The agreement according to which Bosnia’s new government is to be formed within 30 days, signed by the leaders of the three strongest right-wing parties which won the October election, confirms Bosnia’s “commitment for advancing the relationship with NATO without predicting future decisions in relation to membership of Bosnia and Herzegovina.”
Bosnian Serb representatives vehemently oppose Bosnia joining the alliance, but Bosniak representatives keep pushing for it.
After the Agreement was signed, Bosnian Serb leader Milorad Dodik reassured that it does not imply Bosnia will become a NATO member, calling it “unacceptable.”
But Bosniak leader Bakir Izetbegovic said that the agreement means Bosnia’s NATO integration process will continue, only slower.
“It will be somewhat slower, and the final decision on entering will be made by the people in both entities, probably through a referendum,” he predicted.
According to a 2009 decision, Bosnia should send NATO its Annual National Programme (ANP), which is necessary for the activation of the country’s Membership Action Plan – the next step toward membership.

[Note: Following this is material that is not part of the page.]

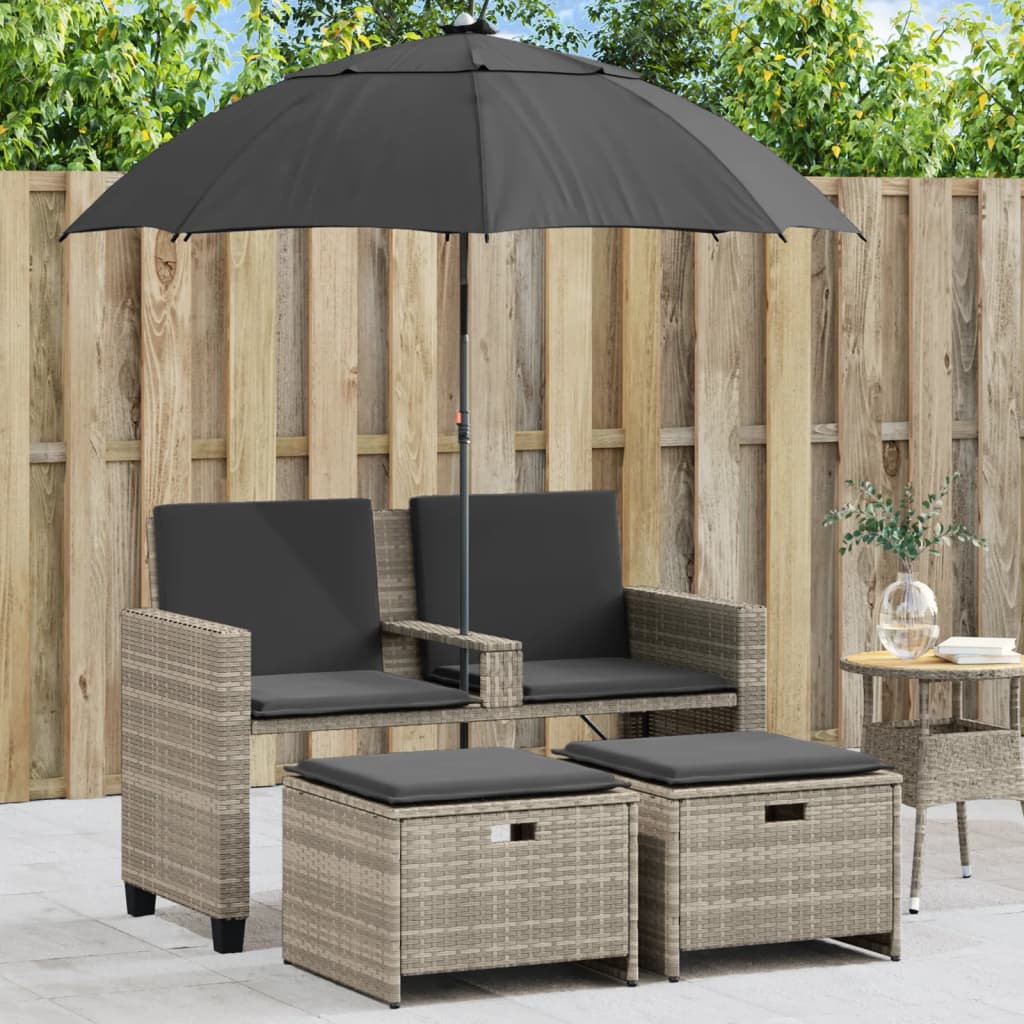Tuinbank 2-zits parasol en voetenbanken poly rattan lichtgrijs is nu te koop bij PeponiXL, paradijselijk wonen!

Bosnian Serb representatives have, however, been putting off sending the Programme to the alliance.
Kozar explained that “the ANP does not just cover the military, but the total political and economic situation in the country – the legislature, human rights etc.”

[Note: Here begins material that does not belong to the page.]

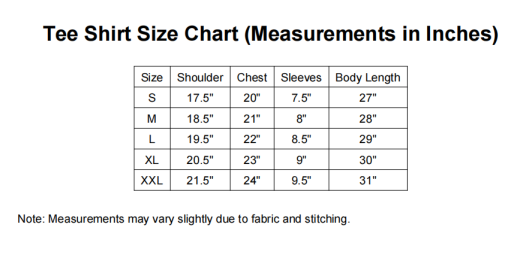 Size chart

He said that he expects Bosnia will send a reduced ANP to the alliance, which will only cover defence and security issues.
But Bosnia remains on a steady path toward NATO membership, he argued.
“It is not going backwards, but it will slow down because in Republika Srpska (the Serb-dominated part of the country) they still keep mentioning their Resolution on Military Neutrality, although that is only for their internal use. That Resolution does not bind the Federation (the other semi-autonomous part of the country) nor other state bodies,” he said.
The analyst said he believes that citizens of Republika Srpska are simply opposed to joining NATO because they are not informed sufficiently of what benefits membership would bring with it but are always reminded of the past – the bombing of the RS and Serbia.
“We always keep going back to the past, we need to turn toward the future, where everyone will have it better. Where there will be less unemployment, more jobs, and where Bosnia will export more. The path toward NATO is a way to overcome some internal issues,” he said, arguing that NATO is not only a military organisation, but also a political one.
“NATO works toward having peace and stability in its member country. Generally, the NATO umbrella secures some kind of security and big corporations take into account whether a country is a NATO member or not,” he said.